**Prompt**: For the records below, please print exactly and only the lines from the one with "Like what you" down to the one with "So now is September", both ends included, omitting the pictures.

**Dataset records**:

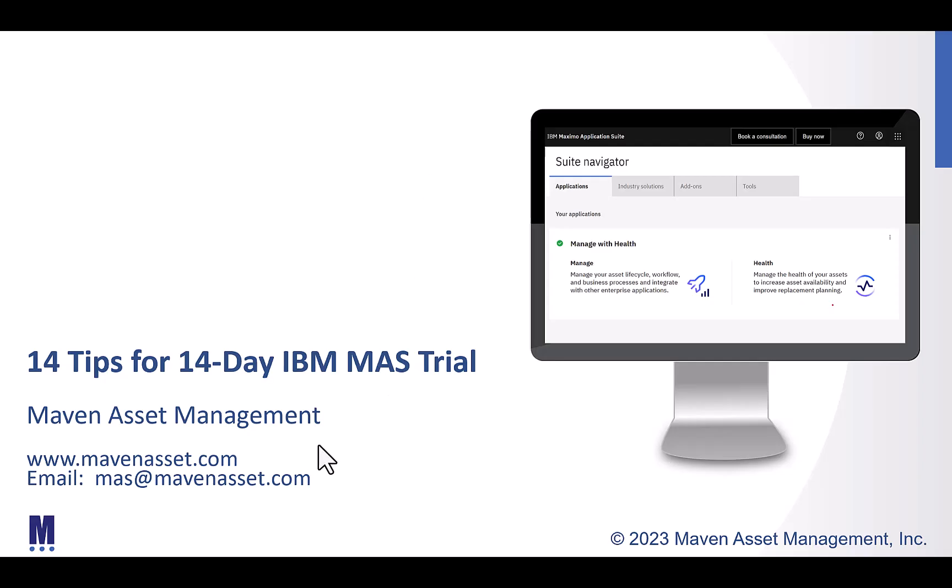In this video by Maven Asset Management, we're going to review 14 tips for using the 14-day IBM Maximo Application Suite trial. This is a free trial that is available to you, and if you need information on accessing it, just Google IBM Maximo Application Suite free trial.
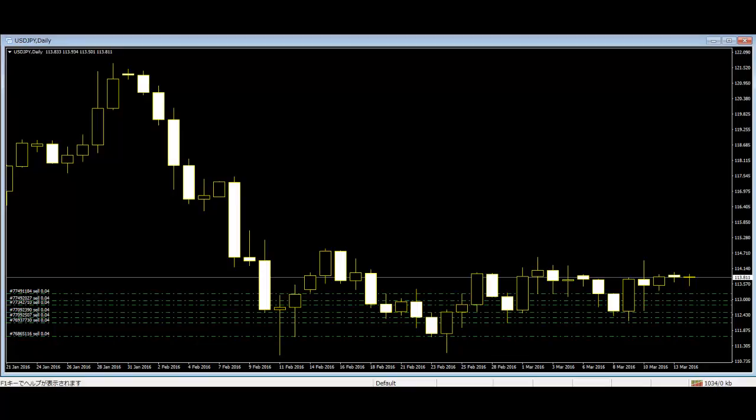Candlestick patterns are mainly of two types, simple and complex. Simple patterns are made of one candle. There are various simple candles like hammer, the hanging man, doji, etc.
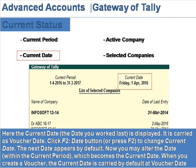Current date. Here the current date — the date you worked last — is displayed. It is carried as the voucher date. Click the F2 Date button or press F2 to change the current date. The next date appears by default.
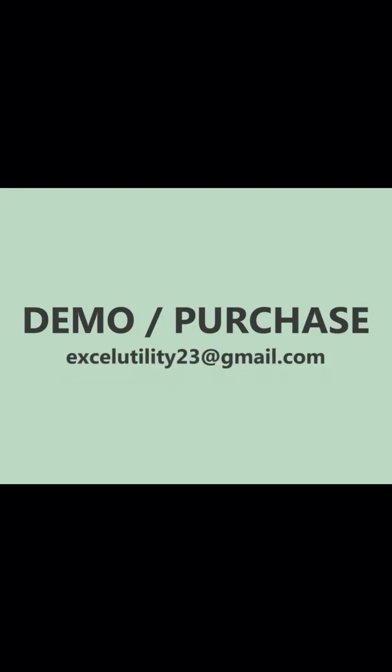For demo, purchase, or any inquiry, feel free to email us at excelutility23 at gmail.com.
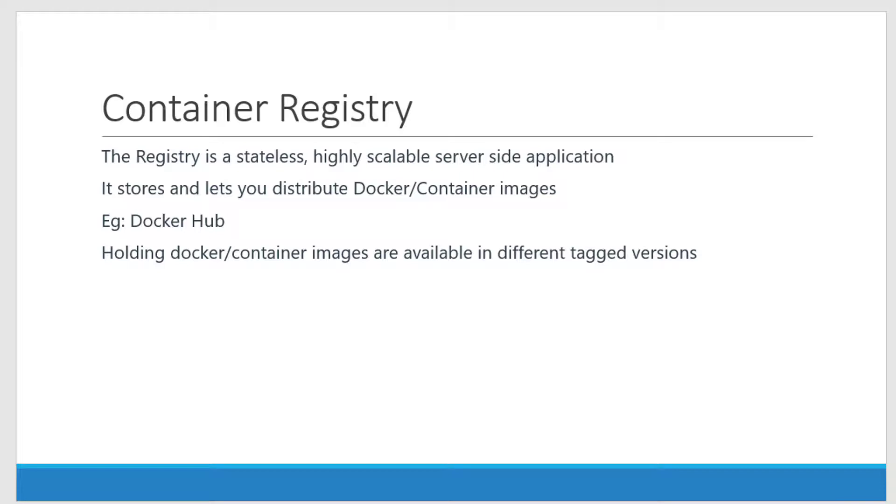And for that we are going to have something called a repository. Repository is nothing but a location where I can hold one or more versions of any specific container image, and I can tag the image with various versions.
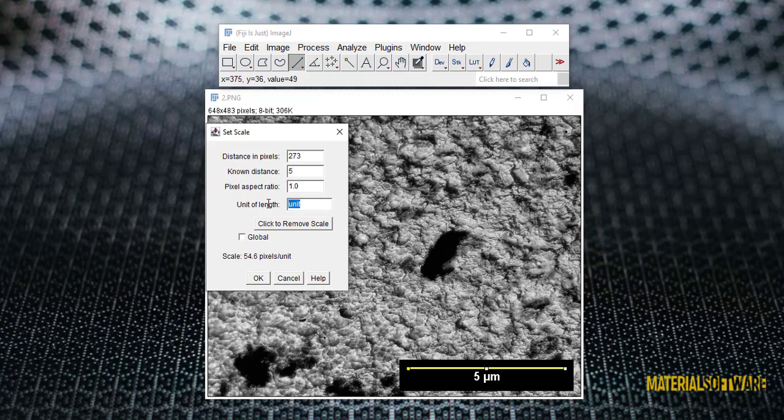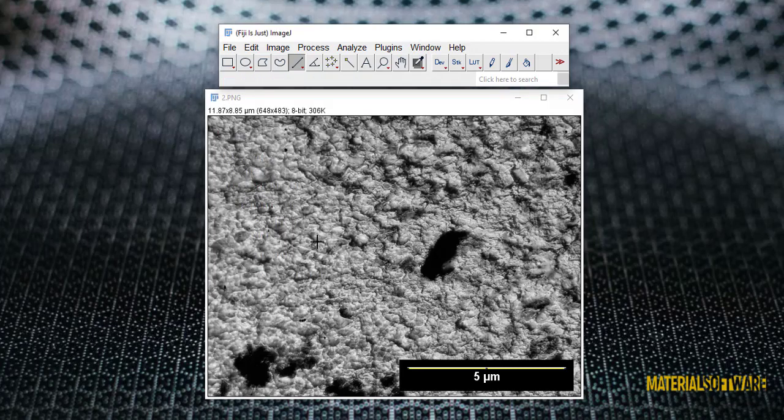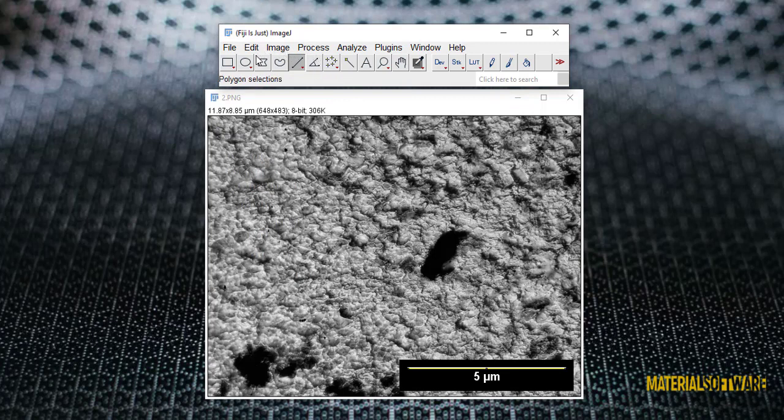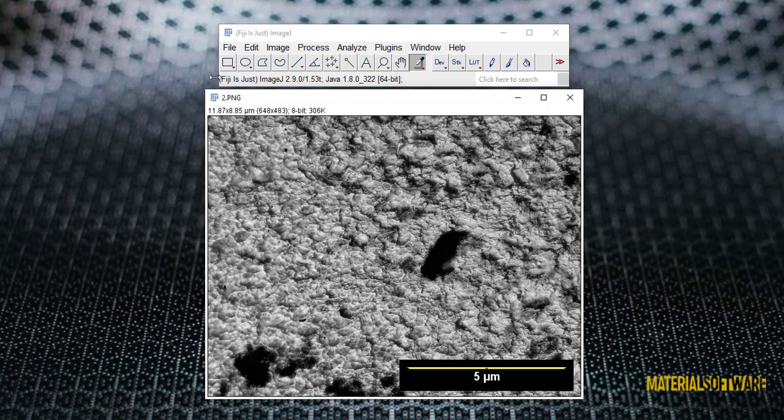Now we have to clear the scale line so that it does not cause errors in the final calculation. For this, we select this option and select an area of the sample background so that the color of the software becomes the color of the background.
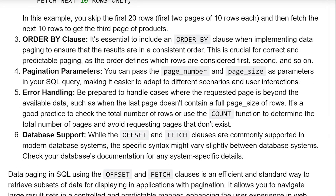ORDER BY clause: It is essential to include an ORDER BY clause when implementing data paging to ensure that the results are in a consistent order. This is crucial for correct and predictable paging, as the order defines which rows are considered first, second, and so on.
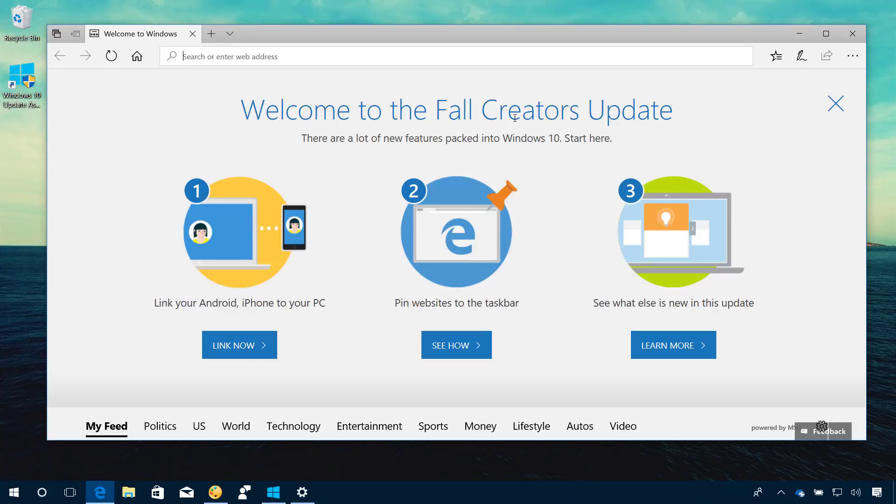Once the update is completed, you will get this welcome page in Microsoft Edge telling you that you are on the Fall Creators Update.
...
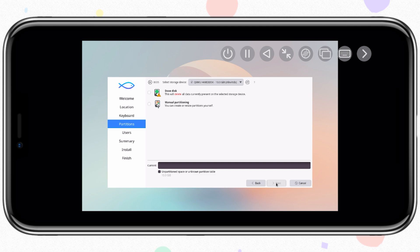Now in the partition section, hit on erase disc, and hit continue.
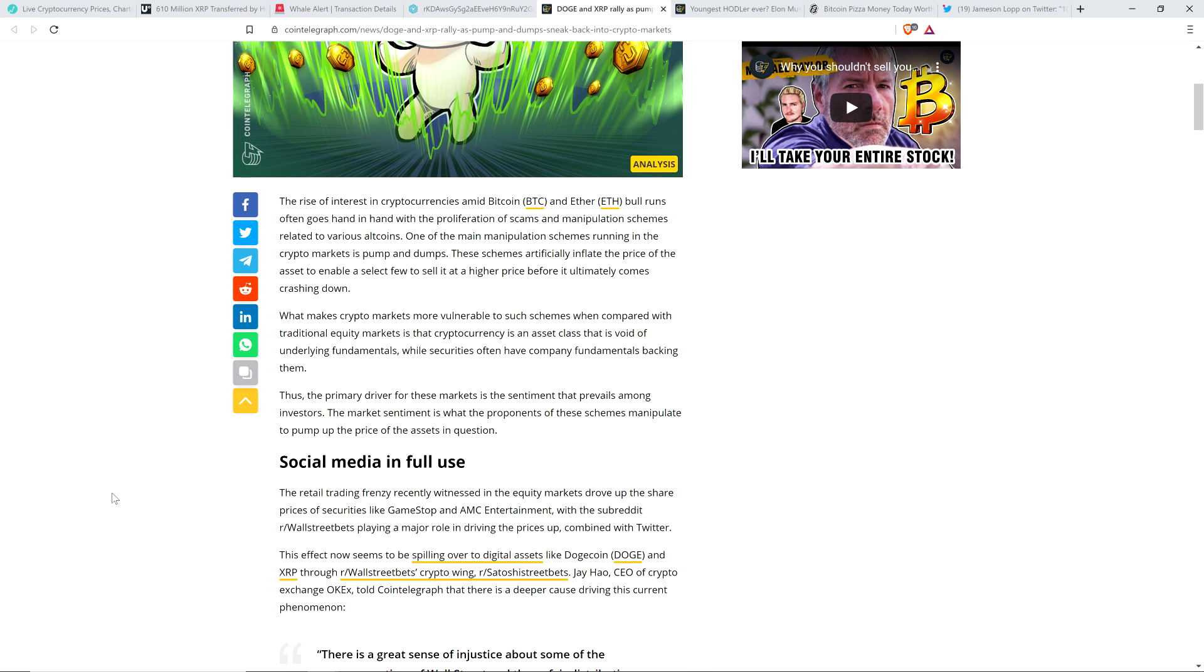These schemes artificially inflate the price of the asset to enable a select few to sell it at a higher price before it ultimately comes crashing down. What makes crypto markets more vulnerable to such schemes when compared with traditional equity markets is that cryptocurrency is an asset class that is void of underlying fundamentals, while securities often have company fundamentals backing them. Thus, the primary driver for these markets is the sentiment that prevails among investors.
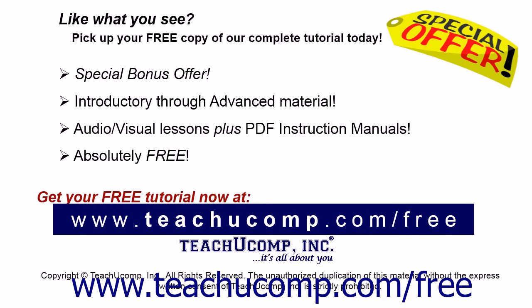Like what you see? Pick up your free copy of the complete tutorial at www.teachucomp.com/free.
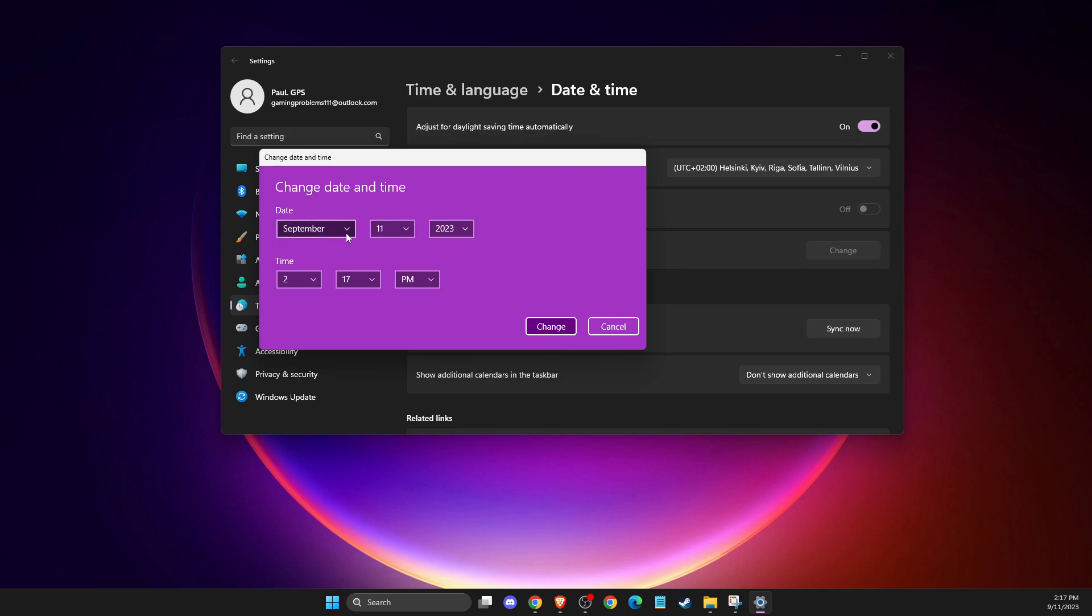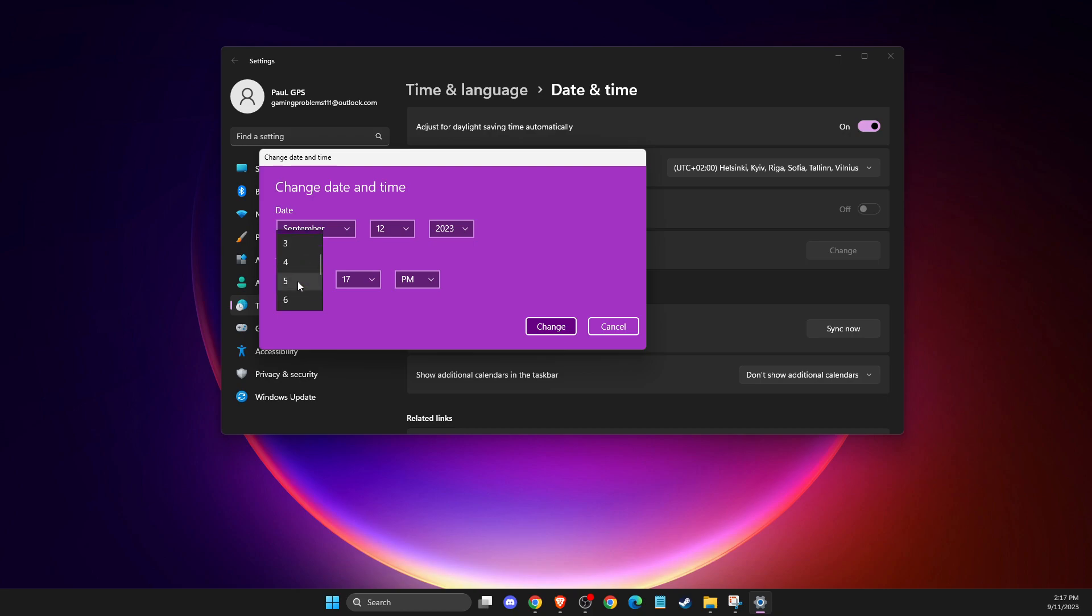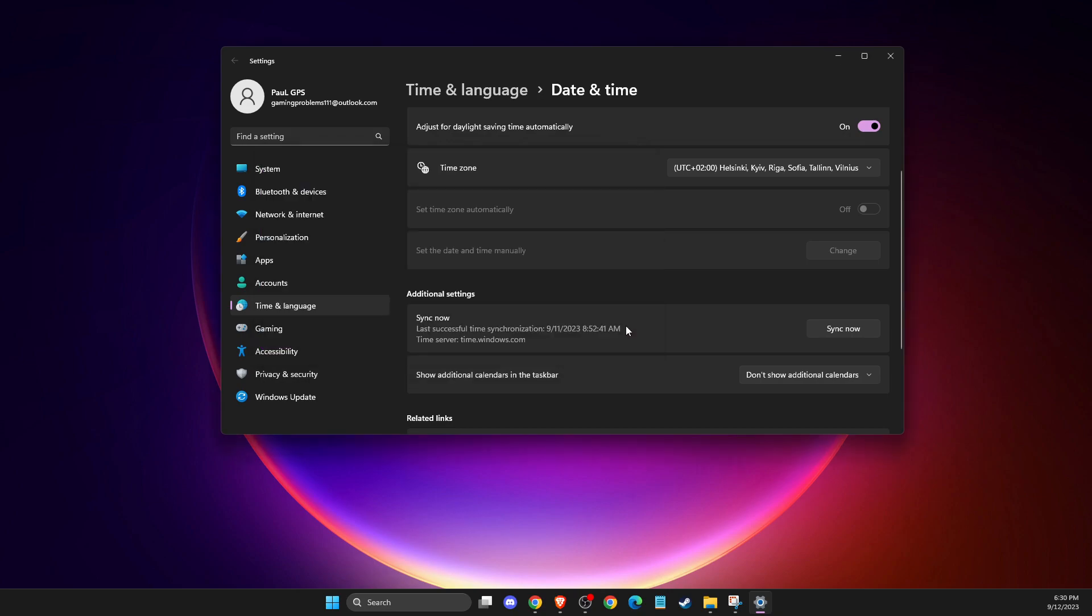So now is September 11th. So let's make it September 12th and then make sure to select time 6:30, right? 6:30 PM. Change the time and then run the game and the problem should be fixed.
--
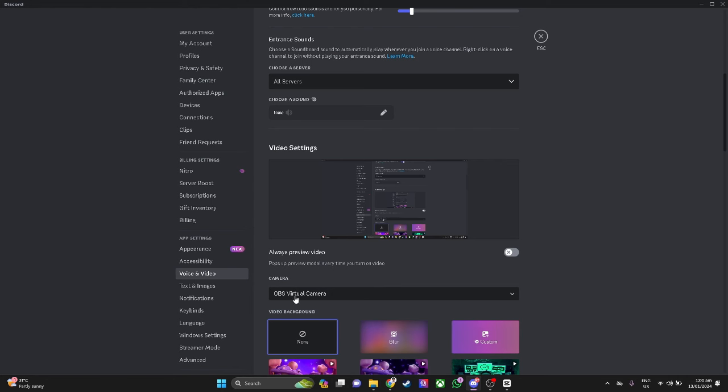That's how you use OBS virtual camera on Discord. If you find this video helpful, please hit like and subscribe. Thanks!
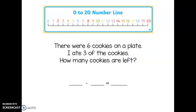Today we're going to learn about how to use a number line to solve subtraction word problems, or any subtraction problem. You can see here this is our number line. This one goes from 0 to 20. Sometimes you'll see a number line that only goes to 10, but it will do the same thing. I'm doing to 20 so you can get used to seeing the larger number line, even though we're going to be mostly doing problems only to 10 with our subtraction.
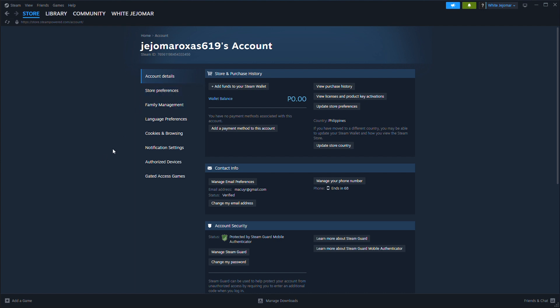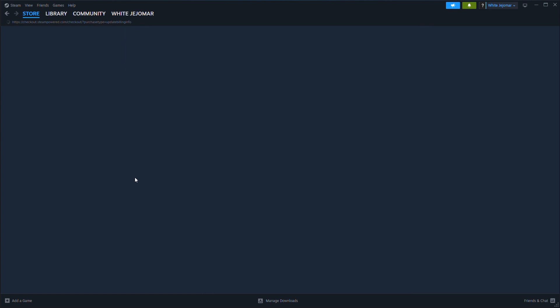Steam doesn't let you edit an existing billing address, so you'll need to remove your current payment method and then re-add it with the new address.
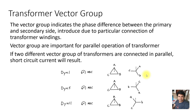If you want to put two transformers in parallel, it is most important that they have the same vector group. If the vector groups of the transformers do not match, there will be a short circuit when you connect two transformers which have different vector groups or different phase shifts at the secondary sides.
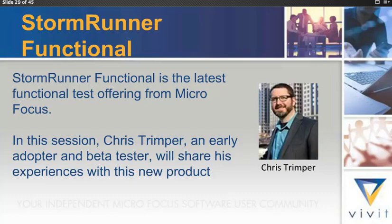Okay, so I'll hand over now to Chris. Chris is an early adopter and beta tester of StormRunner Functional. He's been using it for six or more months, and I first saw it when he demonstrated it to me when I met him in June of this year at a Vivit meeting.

**Written response**:
Like what you see? Pick up your free copy of the complete tutorial at www.teachucomp.com/free.
So now is September 11th. So let's make it September 12th and then make sure to select time 6:30, right? 6:30 PM. Change the time and then run the game and the problem should be fixed.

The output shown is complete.